Captioned web images:
——————

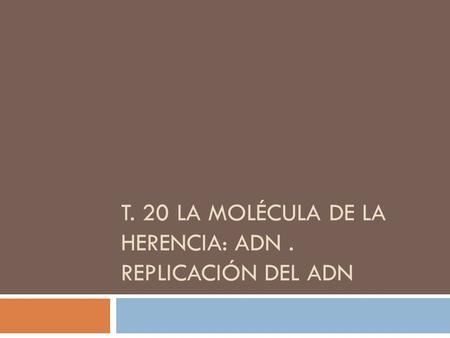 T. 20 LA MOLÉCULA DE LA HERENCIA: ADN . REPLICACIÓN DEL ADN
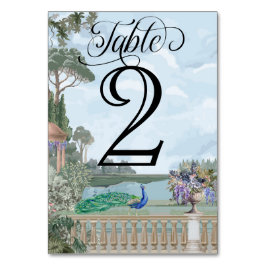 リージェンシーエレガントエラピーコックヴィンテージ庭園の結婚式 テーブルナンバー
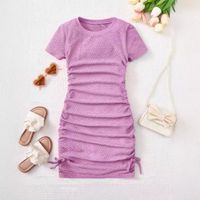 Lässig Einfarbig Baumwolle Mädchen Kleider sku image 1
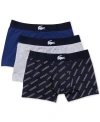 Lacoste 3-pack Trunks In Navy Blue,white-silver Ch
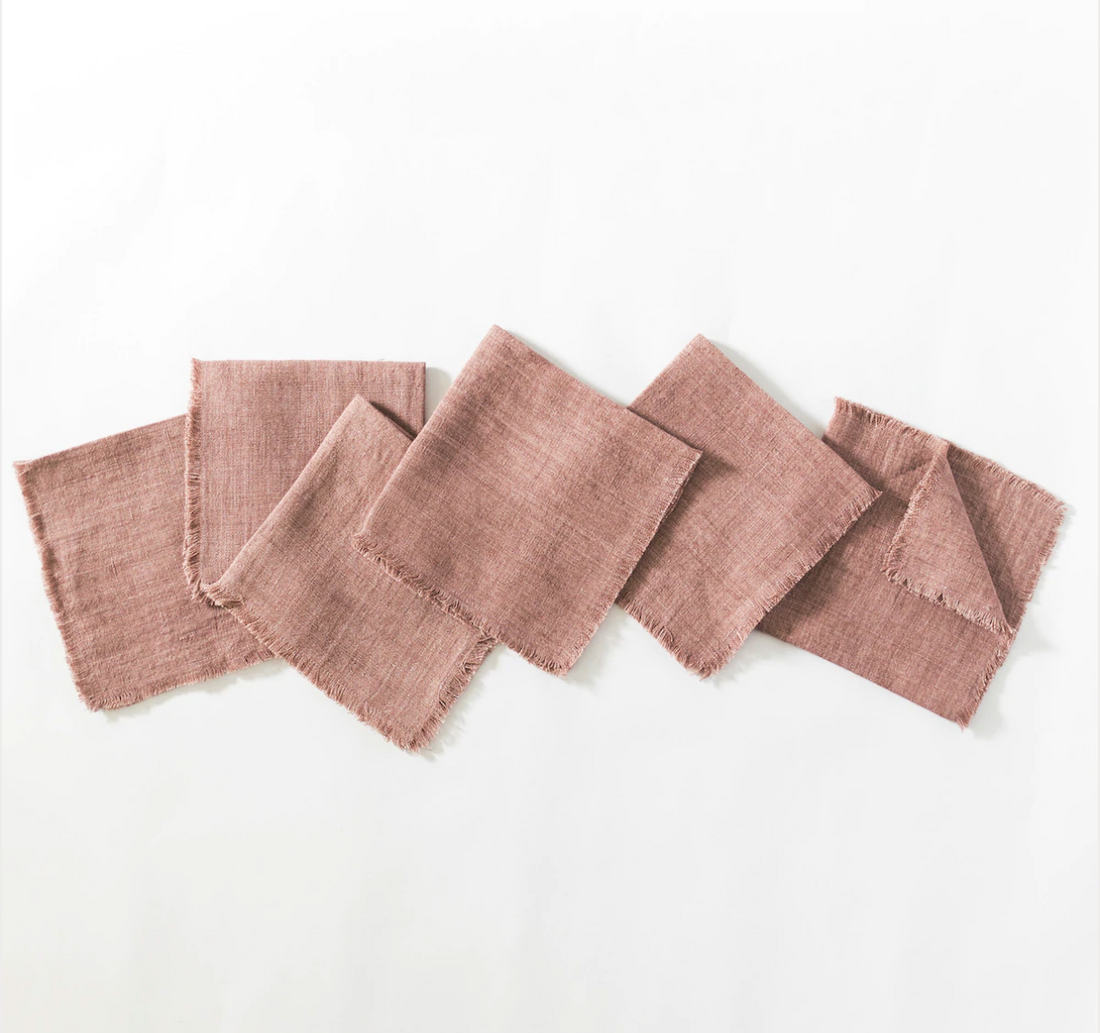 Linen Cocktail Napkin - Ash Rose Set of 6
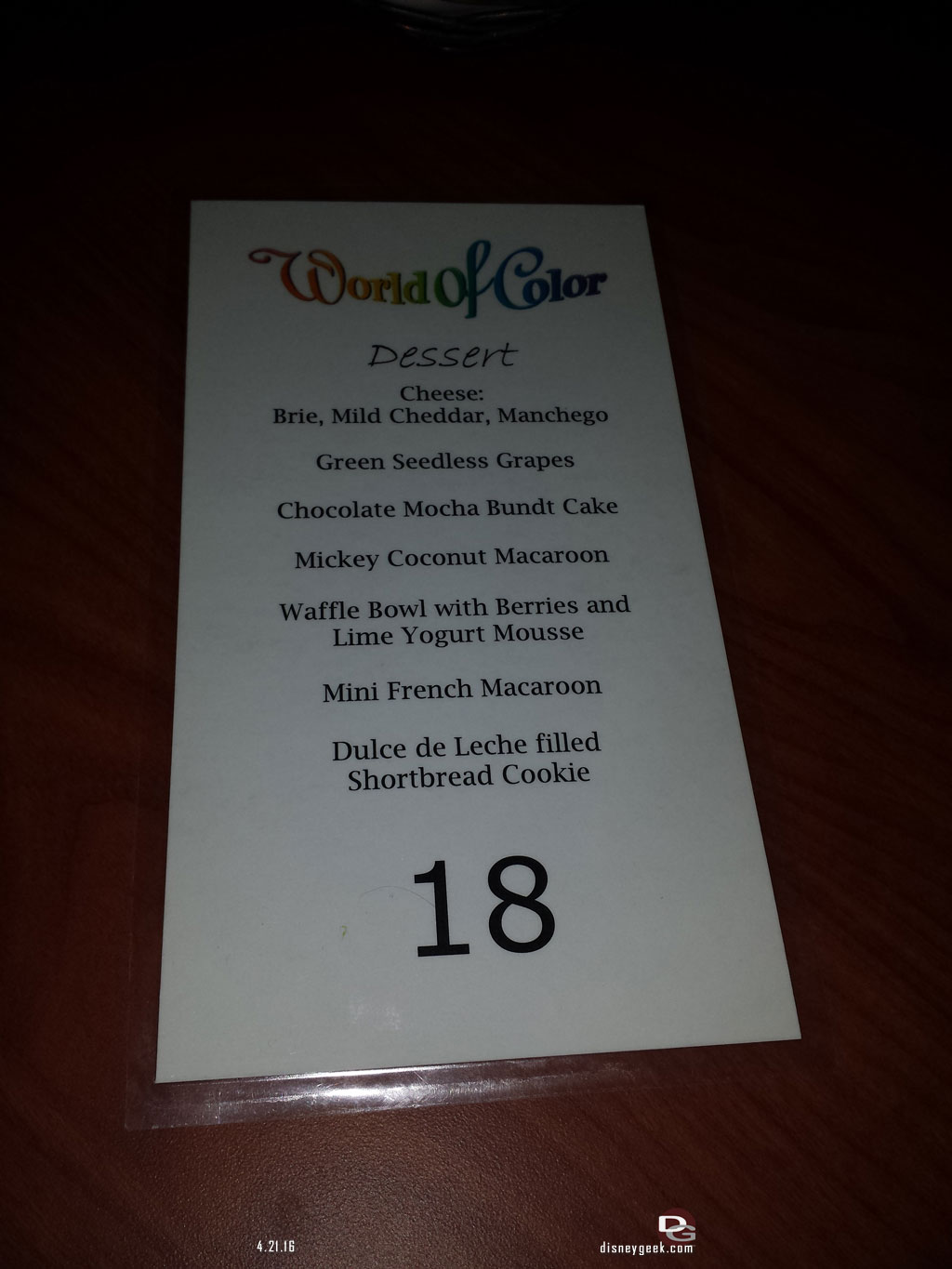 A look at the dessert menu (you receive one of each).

——————

→ How to complete this task
Reproduce the lines above exactly, image-free.

→ Result
 T. 20 LA MOLÉCULA DE LA HERENCIA: ADN . REPLICACIÓN DEL ADN
 リージェンシーエレガントエラピーコックヴィンテージ庭園の結婚式 テーブルナンバー
 Lässig Einfarbig Baumwolle Mädchen Kleider sku image 1
 Lacoste 3-pack Trunks In Navy Blue,white-silver Ch
 Linen Cocktail Napkin - Ash Rose Set of 6
 A look at the dessert menu (you receive one of each).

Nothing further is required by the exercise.